Las deudas de nuestra democracia respecto de la educación superior

Las deudas de nuestra democracia respecto de la educación superior

A más de treinta años de la recuperación de la institucionalidad republicana, se mantienen aún vigentes los reclamos por una mayor democratización, tanto interna como externa, de las universidades. El objetivo principal es la ampliación de las bases sociales del estudiantado, para poder quebrar la persistente disparidad e inequidad en una sociedad como la nuestra. Hacia allí apuntan la cantidad y la diversidad de programas de becas y el fomento de carreras consideradas estratégicas.
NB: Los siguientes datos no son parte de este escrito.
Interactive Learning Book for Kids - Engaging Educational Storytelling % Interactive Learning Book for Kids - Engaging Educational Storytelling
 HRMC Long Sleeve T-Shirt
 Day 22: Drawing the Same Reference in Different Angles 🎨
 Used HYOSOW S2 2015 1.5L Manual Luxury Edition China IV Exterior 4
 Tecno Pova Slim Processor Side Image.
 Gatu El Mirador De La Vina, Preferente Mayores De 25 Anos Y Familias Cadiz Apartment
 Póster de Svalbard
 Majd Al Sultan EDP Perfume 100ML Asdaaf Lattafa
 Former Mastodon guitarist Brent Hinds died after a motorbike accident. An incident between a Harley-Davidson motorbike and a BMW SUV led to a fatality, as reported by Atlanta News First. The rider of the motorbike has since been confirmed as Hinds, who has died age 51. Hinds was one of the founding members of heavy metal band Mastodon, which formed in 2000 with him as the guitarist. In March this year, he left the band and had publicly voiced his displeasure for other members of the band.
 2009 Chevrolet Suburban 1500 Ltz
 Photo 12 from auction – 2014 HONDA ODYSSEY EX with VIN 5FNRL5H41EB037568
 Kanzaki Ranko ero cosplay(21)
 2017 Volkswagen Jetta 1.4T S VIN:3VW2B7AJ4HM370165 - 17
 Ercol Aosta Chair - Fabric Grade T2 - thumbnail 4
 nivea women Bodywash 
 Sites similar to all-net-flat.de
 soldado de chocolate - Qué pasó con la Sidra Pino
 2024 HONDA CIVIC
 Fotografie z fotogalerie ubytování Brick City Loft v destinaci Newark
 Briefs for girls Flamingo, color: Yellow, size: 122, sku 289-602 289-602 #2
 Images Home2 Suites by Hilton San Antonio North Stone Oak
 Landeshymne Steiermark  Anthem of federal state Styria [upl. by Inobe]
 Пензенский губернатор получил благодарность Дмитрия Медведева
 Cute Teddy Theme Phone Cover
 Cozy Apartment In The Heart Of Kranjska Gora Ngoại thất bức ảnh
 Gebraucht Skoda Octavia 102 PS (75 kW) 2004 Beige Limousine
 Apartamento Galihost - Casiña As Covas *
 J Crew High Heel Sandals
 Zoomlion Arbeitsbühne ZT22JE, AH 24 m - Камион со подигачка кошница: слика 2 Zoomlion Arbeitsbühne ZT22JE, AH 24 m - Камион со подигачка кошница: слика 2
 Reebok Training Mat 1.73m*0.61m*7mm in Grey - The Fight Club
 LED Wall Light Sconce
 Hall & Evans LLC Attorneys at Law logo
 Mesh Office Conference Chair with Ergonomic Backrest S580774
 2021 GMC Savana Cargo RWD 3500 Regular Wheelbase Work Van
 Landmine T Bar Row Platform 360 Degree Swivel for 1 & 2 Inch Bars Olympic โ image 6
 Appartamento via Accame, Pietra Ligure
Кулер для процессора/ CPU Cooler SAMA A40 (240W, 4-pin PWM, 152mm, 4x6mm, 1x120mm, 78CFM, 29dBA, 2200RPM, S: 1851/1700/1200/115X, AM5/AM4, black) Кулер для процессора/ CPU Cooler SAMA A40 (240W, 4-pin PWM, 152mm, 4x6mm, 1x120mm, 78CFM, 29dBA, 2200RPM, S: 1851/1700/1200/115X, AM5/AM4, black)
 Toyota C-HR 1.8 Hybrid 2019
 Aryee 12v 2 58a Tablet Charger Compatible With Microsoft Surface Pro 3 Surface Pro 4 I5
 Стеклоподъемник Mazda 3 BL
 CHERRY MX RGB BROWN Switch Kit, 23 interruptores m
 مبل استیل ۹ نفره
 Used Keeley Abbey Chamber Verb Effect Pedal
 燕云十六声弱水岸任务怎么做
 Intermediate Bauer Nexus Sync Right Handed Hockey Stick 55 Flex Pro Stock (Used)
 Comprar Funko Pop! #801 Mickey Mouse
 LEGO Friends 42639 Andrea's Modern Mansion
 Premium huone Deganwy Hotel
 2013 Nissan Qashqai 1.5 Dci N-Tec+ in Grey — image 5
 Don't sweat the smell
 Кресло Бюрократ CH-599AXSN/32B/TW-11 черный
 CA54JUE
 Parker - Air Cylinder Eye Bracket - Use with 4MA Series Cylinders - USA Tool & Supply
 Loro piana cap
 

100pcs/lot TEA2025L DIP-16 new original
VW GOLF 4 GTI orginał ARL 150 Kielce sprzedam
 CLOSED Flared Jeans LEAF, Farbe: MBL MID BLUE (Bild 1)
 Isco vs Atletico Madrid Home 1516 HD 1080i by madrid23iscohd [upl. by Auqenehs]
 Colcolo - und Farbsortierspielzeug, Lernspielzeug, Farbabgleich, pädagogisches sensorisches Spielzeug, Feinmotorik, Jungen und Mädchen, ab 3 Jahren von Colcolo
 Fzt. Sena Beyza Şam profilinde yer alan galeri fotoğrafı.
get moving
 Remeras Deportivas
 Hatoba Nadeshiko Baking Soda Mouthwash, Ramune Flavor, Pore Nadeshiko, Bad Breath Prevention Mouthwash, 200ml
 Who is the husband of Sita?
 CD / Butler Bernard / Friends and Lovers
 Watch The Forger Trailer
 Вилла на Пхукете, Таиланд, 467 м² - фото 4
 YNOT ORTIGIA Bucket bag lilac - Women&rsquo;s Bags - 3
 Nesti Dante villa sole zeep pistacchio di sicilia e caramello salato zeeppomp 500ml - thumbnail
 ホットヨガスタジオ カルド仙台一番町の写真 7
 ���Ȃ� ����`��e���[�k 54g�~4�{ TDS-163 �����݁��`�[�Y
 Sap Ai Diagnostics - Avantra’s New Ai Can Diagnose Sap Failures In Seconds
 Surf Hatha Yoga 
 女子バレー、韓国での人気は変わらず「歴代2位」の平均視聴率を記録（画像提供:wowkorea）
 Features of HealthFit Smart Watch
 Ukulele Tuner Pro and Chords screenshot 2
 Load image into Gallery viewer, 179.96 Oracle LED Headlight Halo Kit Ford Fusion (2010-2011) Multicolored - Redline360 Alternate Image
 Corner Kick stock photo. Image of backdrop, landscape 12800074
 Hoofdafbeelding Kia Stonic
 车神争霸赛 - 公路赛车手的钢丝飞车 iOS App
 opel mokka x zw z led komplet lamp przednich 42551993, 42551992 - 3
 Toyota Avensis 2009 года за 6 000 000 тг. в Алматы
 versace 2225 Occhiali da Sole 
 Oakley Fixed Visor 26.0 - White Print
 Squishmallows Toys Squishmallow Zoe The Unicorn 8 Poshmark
| Por Laura R. Rodríguez |

En abril de 2013, el número 33 de Voces en el Fénix presentó una serie de contribuciones que revisaron los avances, promesas y tareas pendientes de la educación superior en nuestro país, haciendo foco en el nivel universitario. Legisladores, funcionarios gubernamentales, autoridades universitarias, académicos, científicos y representantes estudiantiles aportaron su perspectiva sobre las políticas sectoriales y el funcionamiento de las instituciones, recorriendo una amplia variedad de temas, tales como el sentido de la universidad en la compleja coyuntura mundial, la formación de profesionales, el posgrado y el sistema científico-tecnológico, la caracterización de “viejas” y “nuevas” instituciones, la articulación con la escuela secundaria, la integración regional, y los vínculos de la universidad con la sociedad y, en particular, con los sectores más desfavorecidos. En muchas de esas contribuciones, la democratización aparecía explícitamente como meta y como norte interpretativo para valorar las acciones desarrolladas a lo largo de estos últimos años. Aquí retomaremos algunos aspectos de esas preocupaciones, proponiendo una mirada en perspectiva sobre el tema al que invita este número de la revista: las deudas pendientes de nuestra democracia, centrándonos en este caso en el nivel universitario. Esta pregunta es más que pertinente, en el momento en que, a más de treinta años de la recuperación de la institucionalidad republicana, se produce el cierre de un ciclo político y la asunción de un nuevo gobierno. Un gobierno que, en varios aspectos, propone un cambio de orientación y de prioridades de política educativa a través de medidas que se pretenden superadoras de las limitaciones y fallos en los que habrían incurrido las políticas de la última década, transitando hacia otro proyecto político, económico y social.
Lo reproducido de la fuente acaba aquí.